● TRY IT
Only the text belongs in the answer: every line of the records below, transcribed exactly.

● INPUT FOR THIS TASK
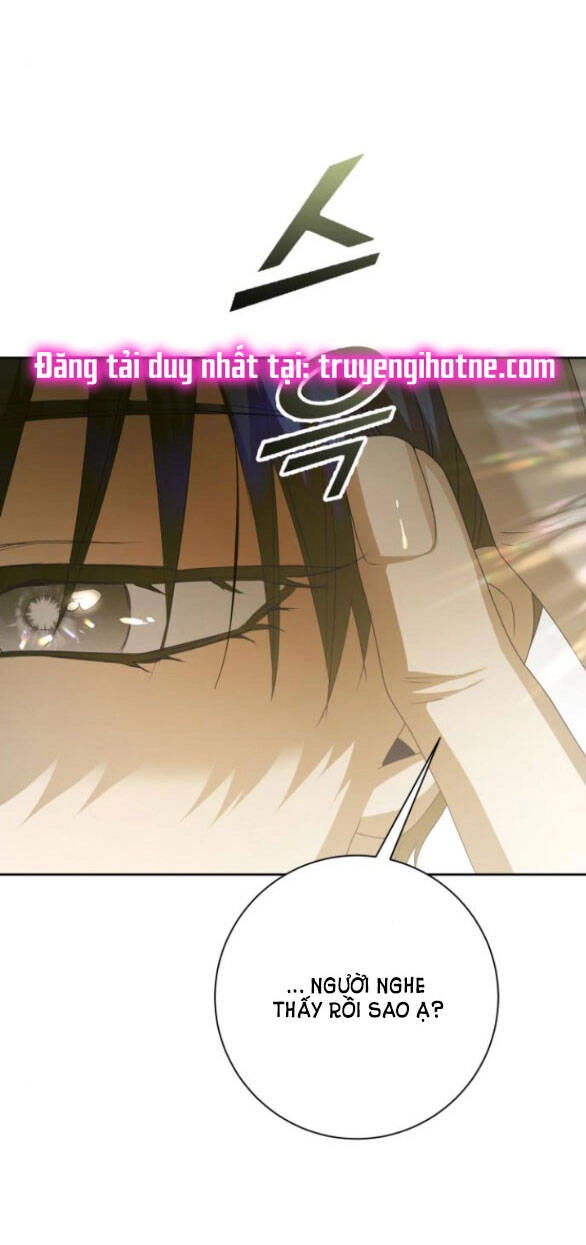 Tôi Muốn Trở Thành Cô Ấy Chỉ Một Ngày Chapter 154.1 - 35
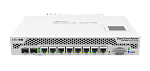 CCR1009-7G-1C-1S+PC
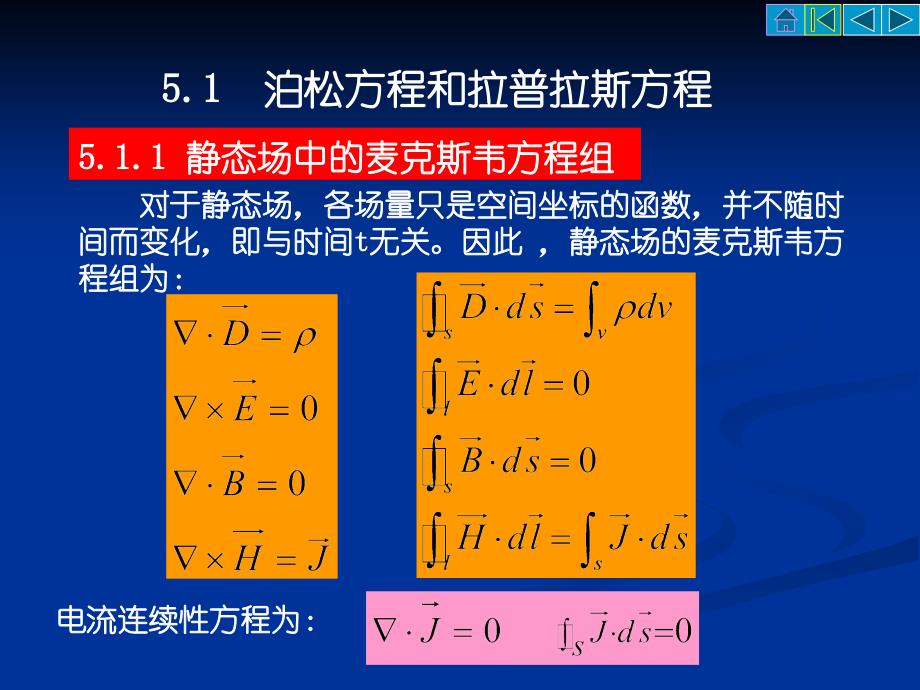 电磁场与电磁波基础第5章.ppt_第3页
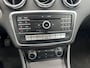 Mercedes-Benz A-klasse 180 d Lease Edition Ambition
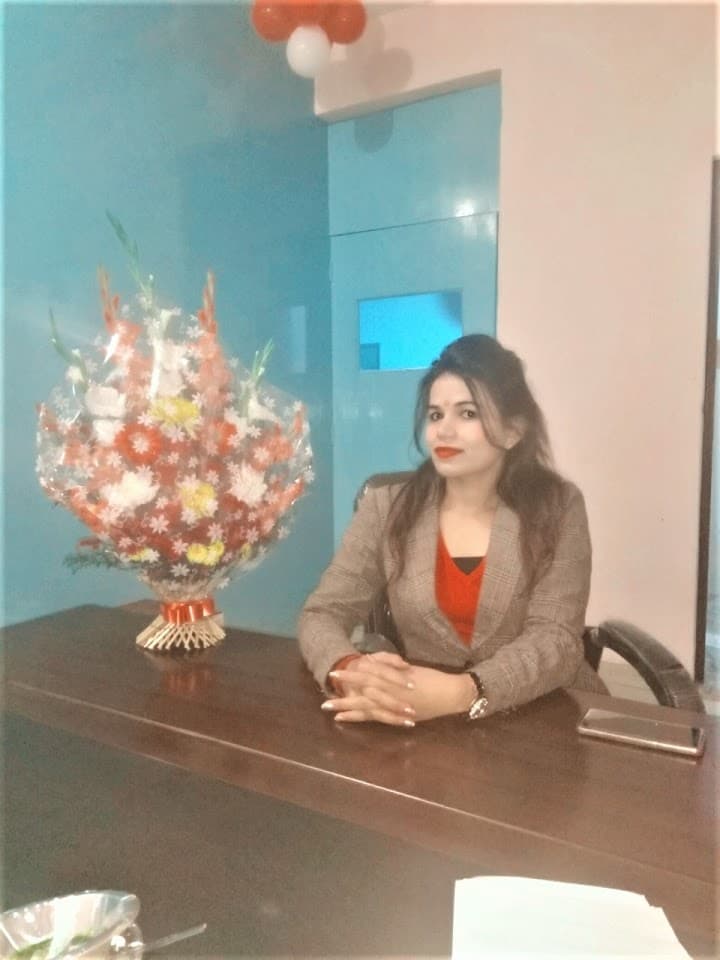 The Brilliant Academy.net THE BRILLIANT ACADEMY.NET photo 7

● REPLY TO THE TASK
 Tôi Muốn Trở Thành Cô Ấy Chỉ Một Ngày Chapter 154.1 - 35
 CCR1009-7G-1C-1S+PC
 电磁场与电磁波基础第5章.ppt_第3页
 Mercedes-Benz A-klasse 180 d Lease Edition Ambition
 The Brilliant Academy.net THE BRILLIANT ACADEMY.NET photo 7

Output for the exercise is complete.